La charla con Guillén Zelaya fue larga y agradable, y la despedida fue con la promesa de volvernos a ver, pero en Cuba, en donde hablaría de lo que quisiéramos. La vida es caprichosa, y cuatro años después del encuentro en Semanario, supe que en el hotel San Francisco de la ciudad de Chihuahua había fallecido a los 57 años de una trombosis. Quienes lo vieron en esos días lo recuerdan contento porque había conseguido una donación de una gran cantidad de lápices que marcaban tenuemente los cuadernos, y ante la difícil situación de la isla, era posible borrarlos y volverlos a utilizar por otros estudiantes. Falleció el 22 de abril de 1994. El recuerdo más vívido que tengo de él es su llegada a Meridiano 107, cuando me pareció un gringo viejo.
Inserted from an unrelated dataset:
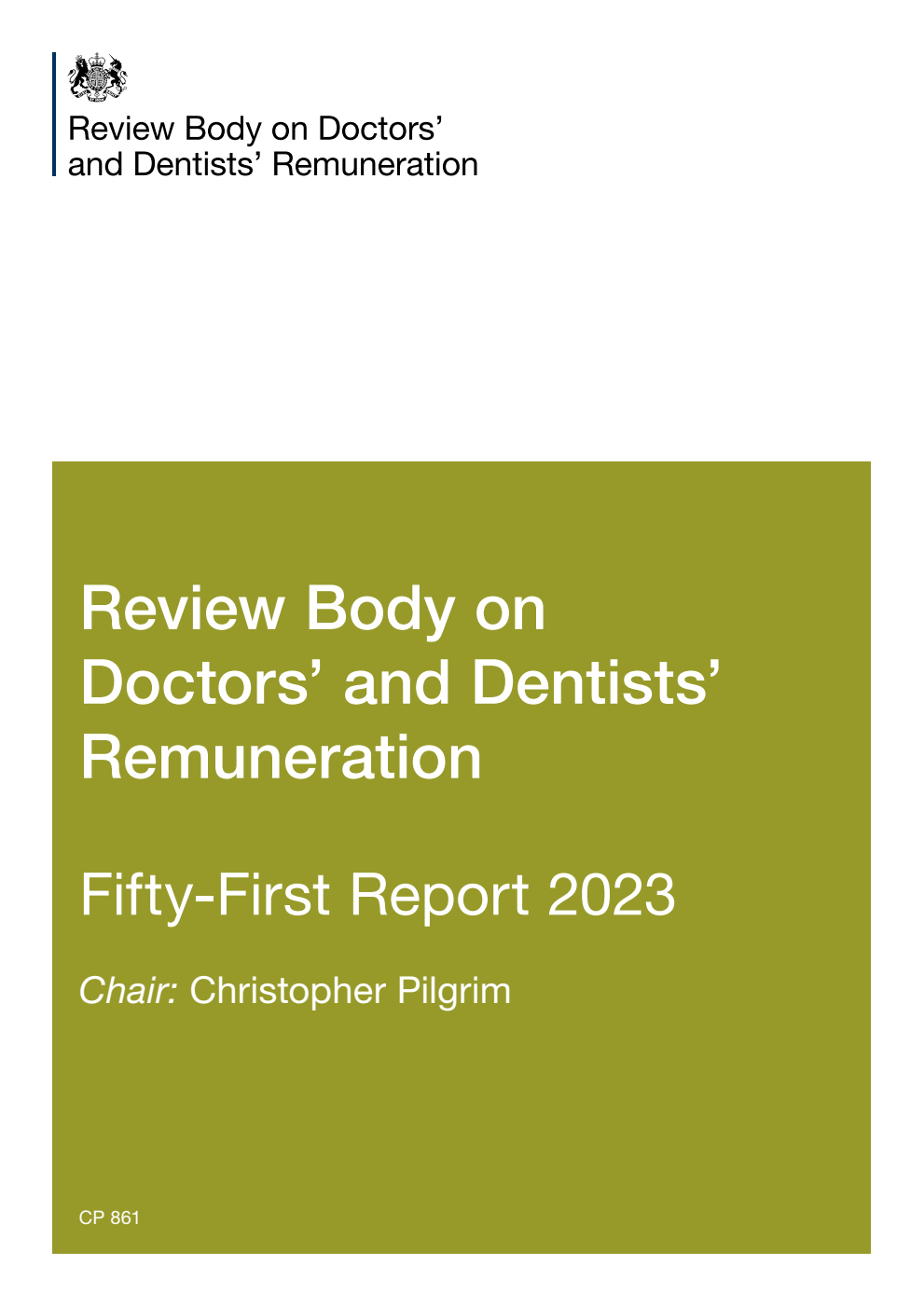 Review Body on Doctors’ and Dentists’ Remuneration Fifty-First Report 2023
Años después vino Patricia, su hija, y su marido, quienes se esforzaban por no hablar en cubano entre ellos para que yo pudiera entenderlos y no marginarme de la plática. Nunca les dije que agradecía el esfuerzo, aunque sólo entendía la mitad de lo que platicaban. Vinieron a visitar a sus primos y tíos de Juárez, y volvió a repetirse el deseo de visitar la isla, ahora porque Patricia me ofrecía que podía consultar los archivos de su padre, Alfonso Guillén Zelaya… Espero cumplir el deseo y aceptar la invitación.